オープニングナレーションは、「必殺仕掛人」、「必殺仕置人」で表現されたテーマをより文学的な言葉で表している。
「黒船このかた泣きの涙に捨て処なく、江戸はひとしく針地獄の様呈しおり候」の個所は、「必殺仕置人」の「この世の正義もあてにはならぬ」に対応している。
「尽きせぬこの世の恨み一切、いかようなりとも始末の儀請け負い申し」は、「必殺仕掛人」の「晴らせぬ恨みを晴らし、許せぬ人でなしを消す」、「必殺仕置人」の「闇に裁いて仕置きする」に対応している(<カタルシス(懲悪)ドラマ>を表現)。
また、「万に一つもしくじり有るまじく候」は、「必殺仕掛人」の「人知れず仕掛けて仕損じなし」に対応。
「但し右の条々闇の稼業の定め書き、口外法度の仕留人」は、「必殺仕掛人」の「但しこの稼業江戸職業づくしにはのっていない」、「必殺仕置人」のエンディングナレーションに対応している(<ピカレスクロマン>を表現)。
-テーマとキャラクターの関係
「必殺仕置人」の「テロリスト型ピカレスクロマン」を継承したこのシリーズは、やはり中村主水がそのテーマを体現するキャラクターとなっている。第1話で、主水が再会した半次とおきんに裏稼業再開の決意を語るセリフにそのことが表れている。
しかしピカレスクロマンのテーマを自主規制するという姿勢が続いているために、糸井貢、大吉のキャラクターには、テーマとの関連がそれほどつよくはみられない。助け人の中山文十郎、辻平内同様に、各作品ごとに人助け的な意識を持ったり、稼業として割り切ったりして裏の仕事を行っている。

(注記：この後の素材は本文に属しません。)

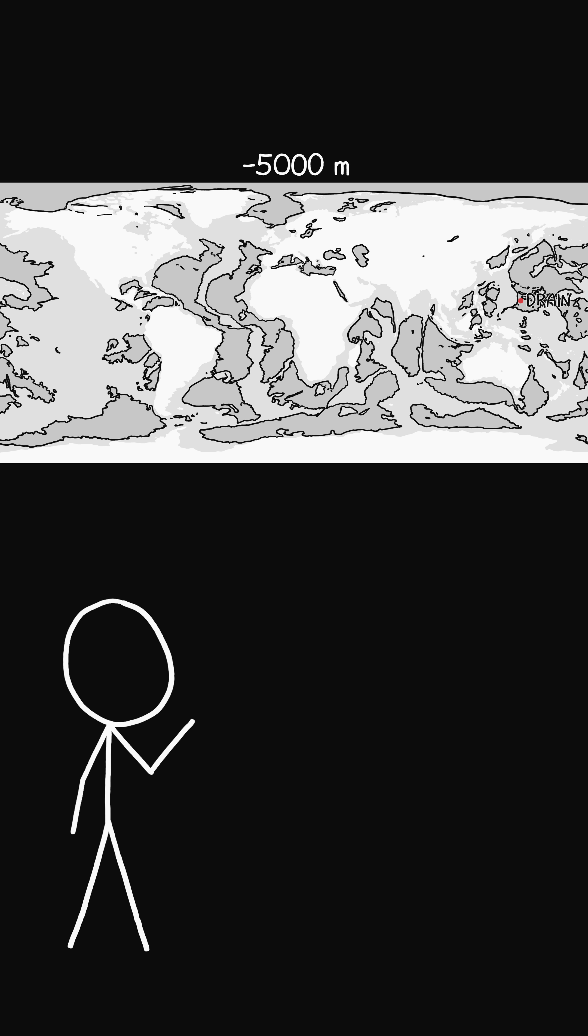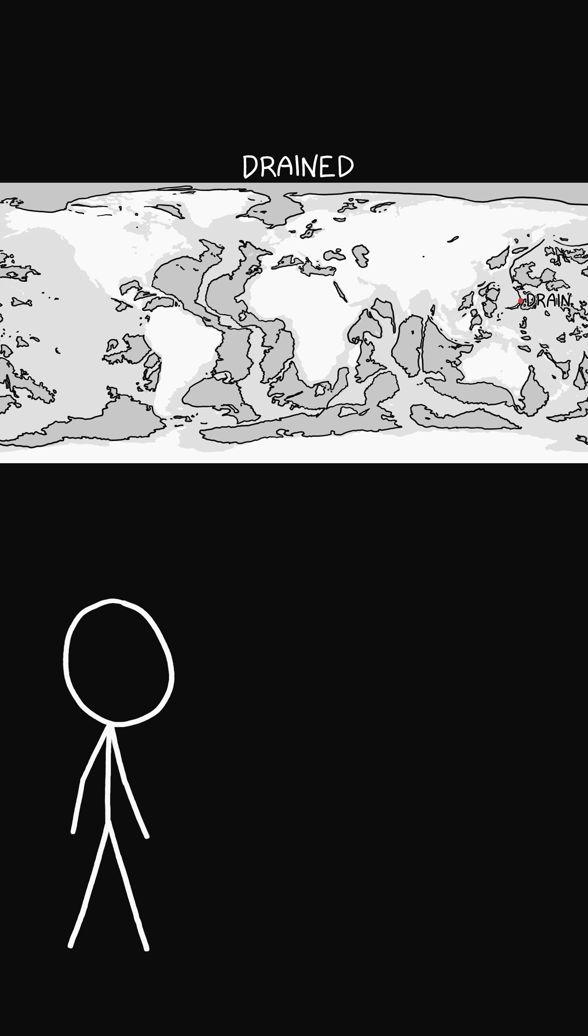By 5 kilometers, most of the major oceans have become disconnected and stopped draining. When the drain finally empties, there is a surprising amount of water left, although a lot of it consists of very shallow seas with a few trenches where the water might be as deep as 4 or 5 kilometers.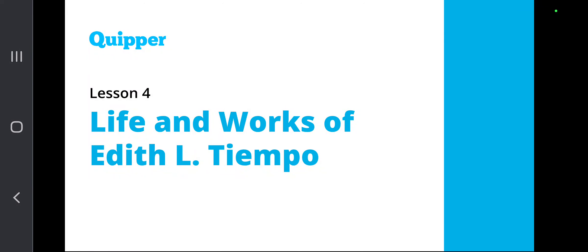Good day, class. Let's now talk about Lesson 4 of Unit 10. This time, we look into the life and the works of Edith L. Tiempo. So in this particular lesson, we are going to examine yet again another National Artist Awardee for Literature, and look into specifically the many works and contributions to Philippine Literature by Edith L. Tiempo.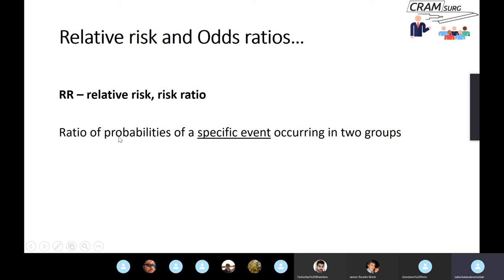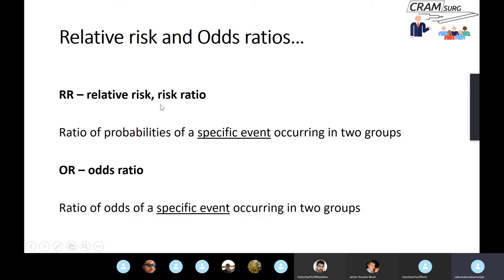So how does this take us to relative risk and odds ratios? Relative risk — also known as risk ratio — refers to the ratio of probabilities of a specific event occurring in two groups. If you take the probability of an event happening in two different groups and take the ratio, that is the relative risk. Whereas odds ratio refers to the ratio of odds of a specific event occurring in two groups. Simply put: relative risk is ratio of probabilities, odds ratio is ratio of odds.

また、中村主水も「必殺仕置人」の時ほどは感情を表に出さず、淡々と仕事をしている姿が増えている。これはテーマが表に出ていないために、仕留人たちが「義賊・人助け的な存在」なのか「殺し屋」なのか、仕置人のような「自ら悪となって悪を裁く存在」なのかがはっきりしていないためであろう。
(後から振り返れば、主水が仕置人から「プロの殺し屋」へと変貌を遂げる過渡期にいたことがわかるが。)
<ストーリーの特徴>
「必殺仕置人」の延長線上で作品を制作するという姿勢は、ストーリー作りにも反映されている。悪役の悪事や仕事の依頼の原因となる事件・出来事、被害者・頼み人の悲しみの姿を描いたプロットを軸にした「カタルシスドラマ」「シリアスドラマ」が全体の3分の2近く、残りの3分の1近くがフィクション・ハードボイルド性のつよい作品となっている。
(仲買人の存在しない「直接依頼型」の設定のシリーズは、仕事の依頼を受けた後のプロットを描きづらいという理由もある。)
ただ、「必殺仕置人」がクライマックスの仕置のシーンにおけるカタルシス効果を重視しすぎて、筋書き(ストーリー展開)の面白さを軽視していた側面があったので、このシリーズは筋書きの面白さも留意して制作されている。
なお、フィクション・ハードボイルド性のつよい作品にもシリアスな人間ドラマの要素を盛り込んでいくという点は、「必殺仕置人」と同様である。